(TASK INSTRUCTIONS): For the records below, output word for word the lines from the one with "We have a kajal" up to and including the one with "Please take a". No pictures.

RECORDS SUPPLIED START

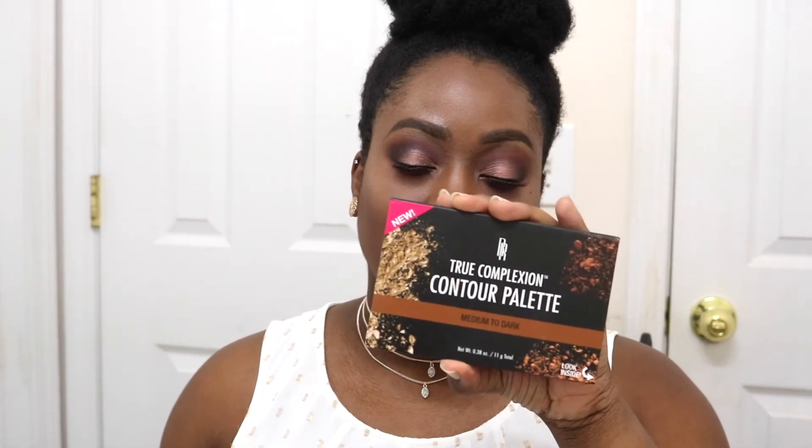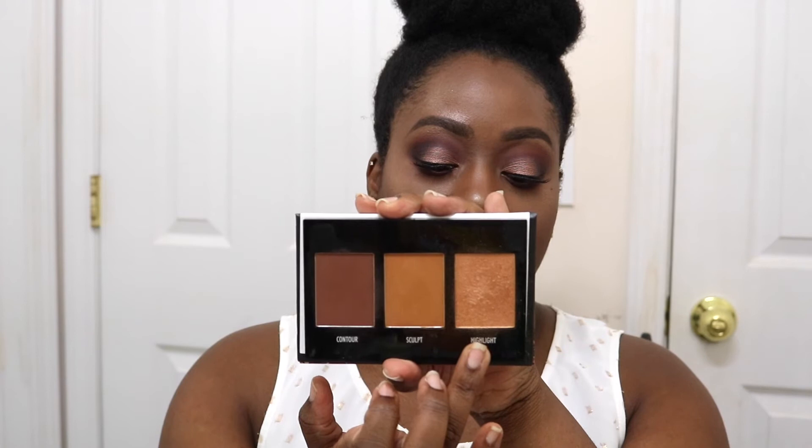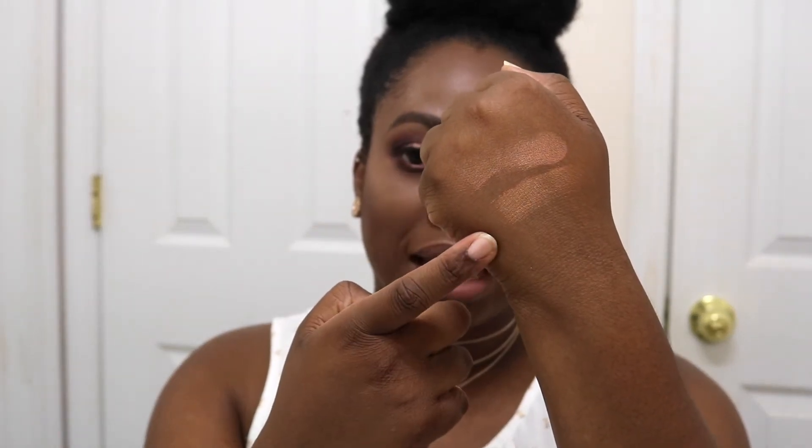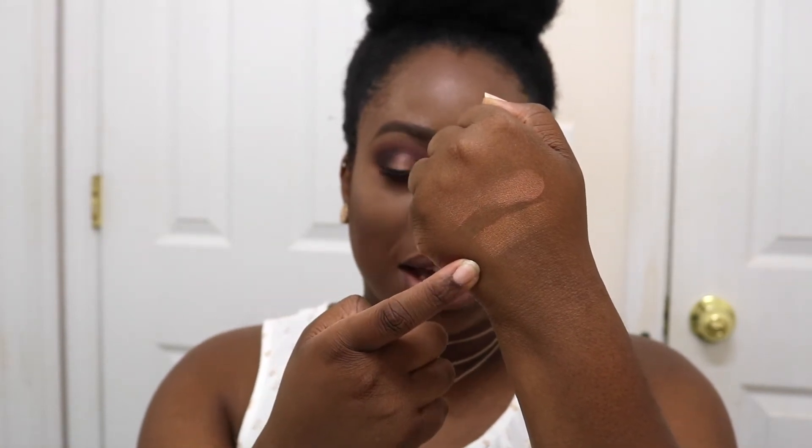I'll quickly compare Gingersnap to the highlighter in the True Complexion Contour Palette from Black Radiance — the powder kit in medium to dark. Gingersnap is a little bit more bronzy than the highlighter in the contour palette, as you can see here, but they're really similar on the skin. To me, Gingersnap is so much better formulated and picks up much better on the skin than the one in the palette.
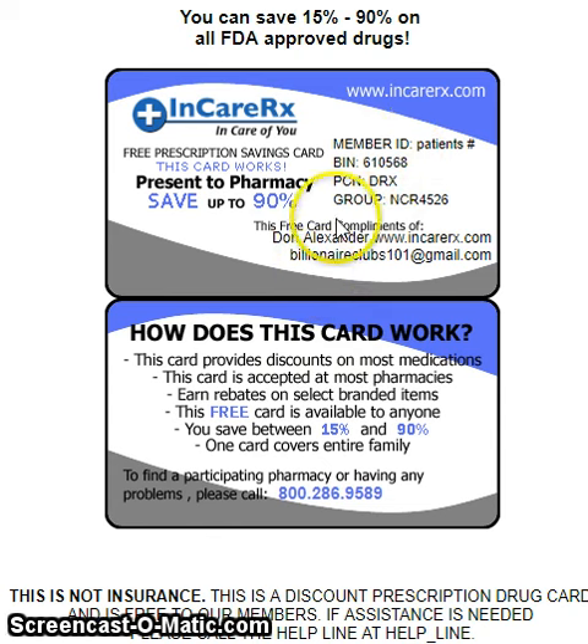You can write that down and get between 15% and 90% off your prescription medications. Here's how this card works: it provides discounts on most medications, is accepted at most pharmacies, and you can earn rebates on selected brand items. This is a free card, available to anyone, and one card covers the entire family.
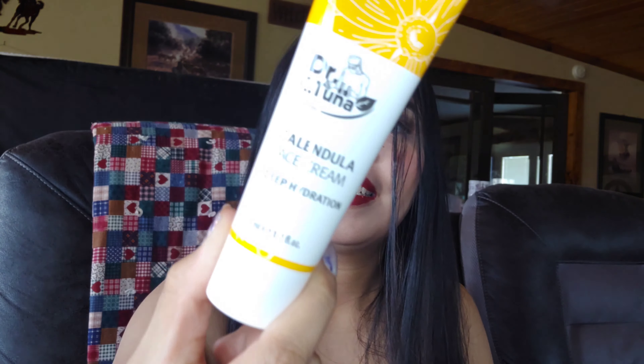We have a kajal gel eyeliner — I think I have two of those now. This one is a long-last creamy eyeshadow; I don't have this one, so it's so cool. And I got it for an affordable price by being a beauty influencer. This one is a Calendula face cream deep hydration — that is so cool!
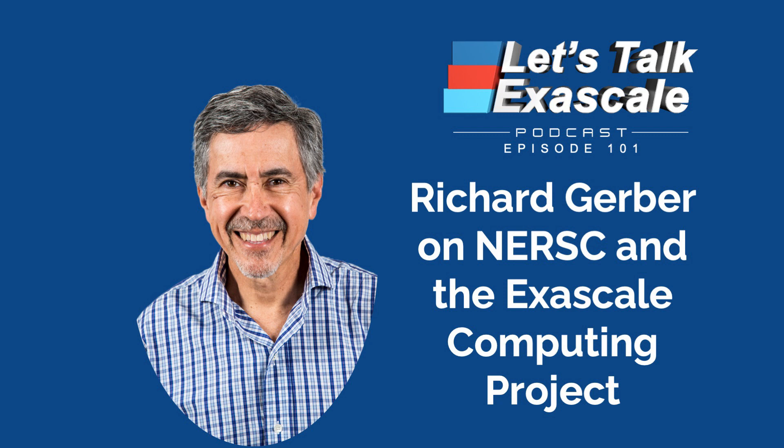Richard explained how NERSC and the Exascale Computing Project closely collaborate. We've been very involved with ECP from the beginning. We have people in various roles: Katie Antipas, our division deputy, is the hardware and integration director within ECP. And Jack DeSlip, who heads our NESAP program, leads the ECP apps in chemistry and material science. That's been a great relationship for us, and we've had other people involved at other levels within the project as well. We also effectively integrated — I think it was five or six AD projects — into our NESAP program. We kind of adopted them, in addition to the ones we'd already been working with.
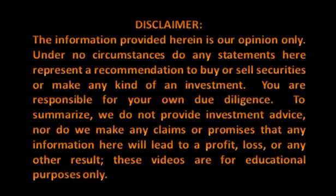Please take a moment to review our disclaimer. The information provided herein is our opinion only. Under no circumstances do any statements here represent a recommendation to buy or sell securities or make any kind of investment. You are responsible for your own due diligence. We do not provide investment advice, nor do we make any claims or promises that any information here will lead to a profit, loss, or any other result. These videos are for educational purposes only.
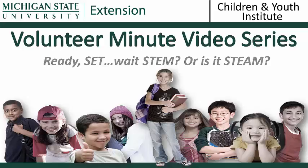Hello and welcome to Michigan State University Extension's Children and Youth Institute Volunteer Minute video series. This video is on the article 'Ready, Set, Wait, STEM, or is it STEAM?'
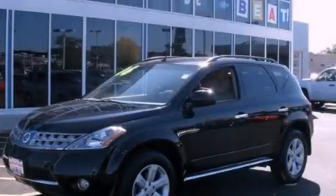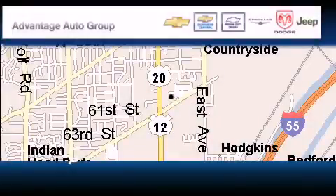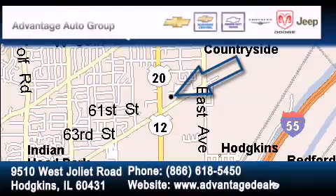Please call us today for more information on this great vehicle. Advantage Chevrolet Hodgkins is located at 9510 West Joliet Road in Hodgkins. Our goal is to exceed all of your expectations to ensure that you'll return for future visits.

RECORDS SUPPLIED END

(REPLY):
We have a kajal gel eyeliner — I think I have two of those now. This one is a long-last creamy eyeshadow; I don't have this one, so it's so cool. And I got it for an affordable price by being a beauty influencer. This one is a Calendula face cream deep hydration — that is so cool!
Richard explained how NERSC and the Exascale Computing Project closely collaborate. We've been very involved with ECP from the beginning. We have people in various roles: Katie Antipas, our division deputy, is the hardware and integration director within ECP. And Jack DeSlip, who heads our NESAP program, leads the ECP apps in chemistry and material science. That's been a great relationship for us, and we've had other people involved at other levels within the project as well. We also effectively integrated — I think it was five or six AD projects — into our NESAP program. We kind of adopted them, in addition to the ones we'd already been working with.
Please take a moment to review our disclaimer. The information provided herein is our opinion only. Under no circumstances do any statements here represent a recommendation to buy or sell securities or make any kind of investment. You are responsible for your own due diligence. We do not provide investment advice, nor do we make any claims or promises that any information here will lead to a profit, loss, or any other result. These videos are for educational purposes only.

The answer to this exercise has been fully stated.